→ **Exercise description**: Reproduce all of the data exactly.

::: Records for the exercise

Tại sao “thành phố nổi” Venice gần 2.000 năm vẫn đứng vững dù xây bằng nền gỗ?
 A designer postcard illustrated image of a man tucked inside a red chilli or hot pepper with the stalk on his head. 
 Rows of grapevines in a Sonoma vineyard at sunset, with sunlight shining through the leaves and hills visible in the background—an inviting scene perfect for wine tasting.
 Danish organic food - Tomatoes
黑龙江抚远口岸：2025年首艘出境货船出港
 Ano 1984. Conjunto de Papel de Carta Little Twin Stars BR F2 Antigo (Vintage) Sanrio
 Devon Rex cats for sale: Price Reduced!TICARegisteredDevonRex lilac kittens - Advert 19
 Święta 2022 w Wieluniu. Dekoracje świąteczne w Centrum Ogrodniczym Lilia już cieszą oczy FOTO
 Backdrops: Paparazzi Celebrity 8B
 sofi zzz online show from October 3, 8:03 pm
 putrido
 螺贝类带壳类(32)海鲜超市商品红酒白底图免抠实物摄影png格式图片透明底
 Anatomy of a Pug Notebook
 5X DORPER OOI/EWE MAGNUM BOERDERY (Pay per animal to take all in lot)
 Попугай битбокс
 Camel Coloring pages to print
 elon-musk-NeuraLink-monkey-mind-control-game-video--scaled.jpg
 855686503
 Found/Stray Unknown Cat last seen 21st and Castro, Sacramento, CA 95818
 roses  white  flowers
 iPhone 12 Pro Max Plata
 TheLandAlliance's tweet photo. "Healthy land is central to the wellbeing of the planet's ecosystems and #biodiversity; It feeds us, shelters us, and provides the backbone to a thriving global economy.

::::::

→ **Exercise response**:
Tại sao “thành phố nổi” Venice gần 2.000 năm vẫn đứng vững dù xây bằng nền gỗ?
 A designer postcard illustrated image of a man tucked inside a red chilli or hot pepper with the stalk on his head. 
 Rows of grapevines in a Sonoma vineyard at sunset, with sunlight shining through the leaves and hills visible in the background—an inviting scene perfect for wine tasting.
 Danish organic food - Tomatoes
黑龙江抚远口岸：2025年首艘出境货船出港
 Ano 1984. Conjunto de Papel de Carta Little Twin Stars BR F2 Antigo (Vintage) Sanrio
 Devon Rex cats for sale: Price Reduced!TICARegisteredDevonRex lilac kittens - Advert 19
 Święta 2022 w Wieluniu. Dekoracje świąteczne w Centrum Ogrodniczym Lilia już cieszą oczy FOTO
 Backdrops: Paparazzi Celebrity 8B
 sofi zzz online show from October 3, 8:03 pm
 putrido
 螺贝类带壳类(32)海鲜超市商品红酒白底图免抠实物摄影png格式图片透明底
 Anatomy of a Pug Notebook
 5X DORPER OOI/EWE MAGNUM BOERDERY (Pay per animal to take all in lot)
 Попугай битбокс
 Camel Coloring pages to print
 elon-musk-NeuraLink-monkey-mind-control-game-video--scaled.jpg
 855686503
 Found/Stray Unknown Cat last seen 21st and Castro, Sacramento, CA 95818
 roses  white  flowers
 iPhone 12 Pro Max Plata
 TheLandAlliance's tweet photo. "Healthy land is central to the wellbeing of the planet's ecosystems and #biodiversity; It feeds us, shelters us, and provides the backbone to a thriving global economy.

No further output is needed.